4 İbni Kesîr, el-Bidâye ve'n-Nihâye, 8:291 (muhtelif tariklerle); el-Heysemî, Mecmeu'z-Zevâid, 5:179-180 (iki ayrı tarikle).

5 Buharî, Mağâzî: 11.

6 Buharî, İmân: 37; Müslim, İmân: 1-7.

7 Buhârî, Fedâilü'l-Eshâb: 30; el-Heysemî, Mecmeu'z-Zevâid, 9:276-277; Ahmed İbni Hanbel, Fedâilü's-Sahâbe (tahkik: Vasiyyüllah), no. 1817, 1853, 1918; Müsned, 1:212; el-Askalânî, el-İsâbe, 1:598.

8 Buharî, Mağâzî: 18, Libas: 24; Müslim, Fedâil: 46, 47, no. 2306; Kadı Iyâz, eş-Şifâ, 1:361.
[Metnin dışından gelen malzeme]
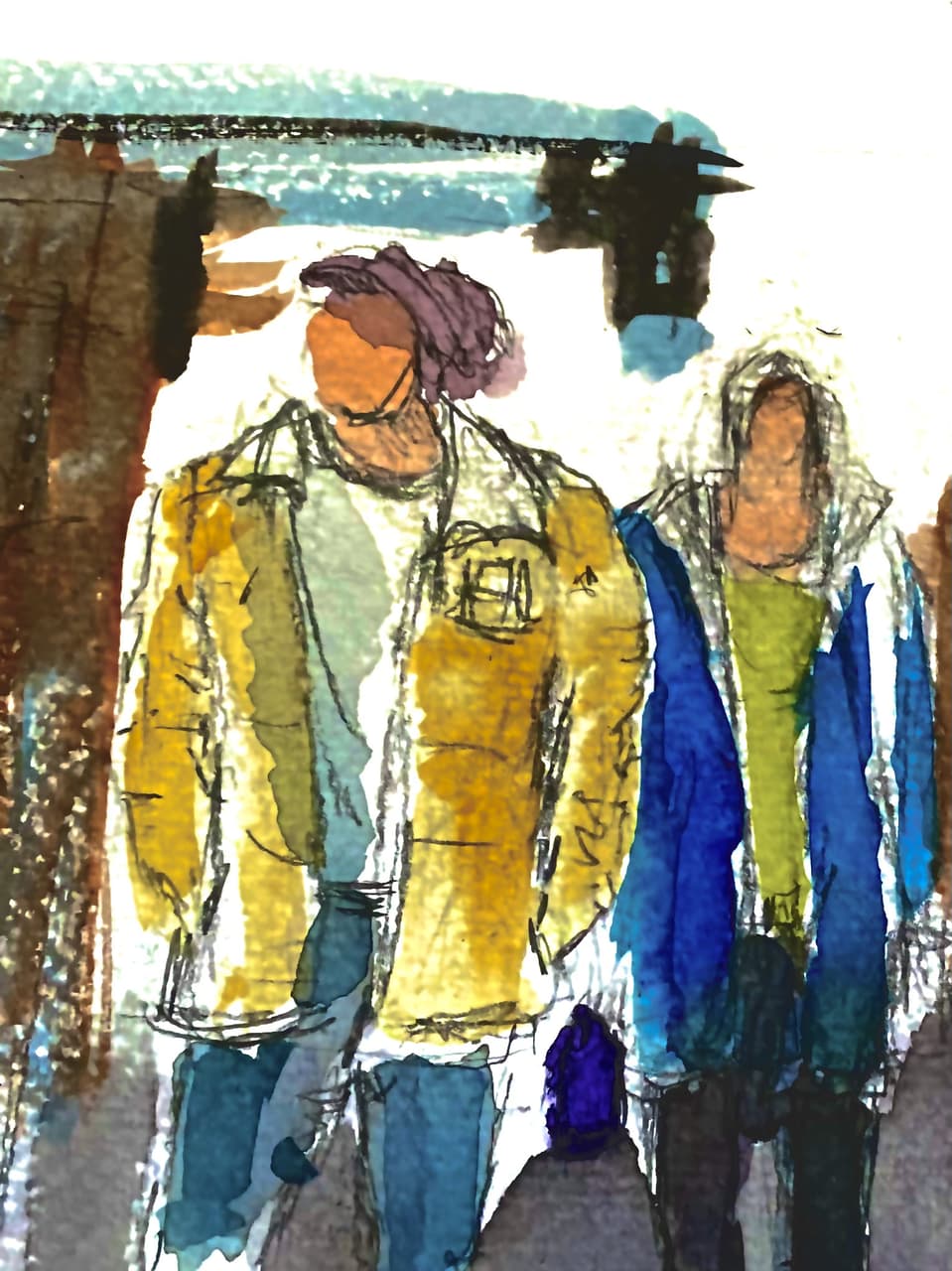 Watercolor landscape of a trail leading into autumn trees in warm rust and copper tones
9 Müsned, 1:147, 353; Kadı Iyâz, eş-Şifâ, 1:362; Hafâcî, Şerhu'ş-Şifâ, 3:281; Ali el-Kari, Şerhu'ş-Şifâ, 1:735.

10 Kadı Iyâz, eş-Şifâ, 1:362; Hafâcî, Şerhu'ş-Şifâ, 3:282; Ali el-Kari, Şerhu'ş-Şifâ, 1:736.

11 Müsned (tahkik: Ahmed Şâkir), 6:165, no. 4353; Süyûtî, el-Hasâisü'l-Kübrâ, 1:343, 2:361.

12 Kadı Iyâz, eş-Şifâ, 1:362; Hafâcî, Şerhu'ş-Şifâ, 3:287; Ali el-Kari, Şerhu'ş-Şifâ, 1:738; İbni Kesîr, el-Bidâye ve'n-Nihâye, 4:316; el-Heysemî, Mecmeu'z-Zevâid, 6:176.

13 Kadı Iyâz, eş-Şifâ, 1:363; Hafâcî, Şerhu'ş-Şifâ, 3:287; Beyhakî, Delâilü'n-Nübüvve: 5/416-418.

14
İbni Teymiye, et-Tevessül ve'l-Vesîle, s. 24; İbni Teymiye, Mecmû-u Fetâvâ, 11:307.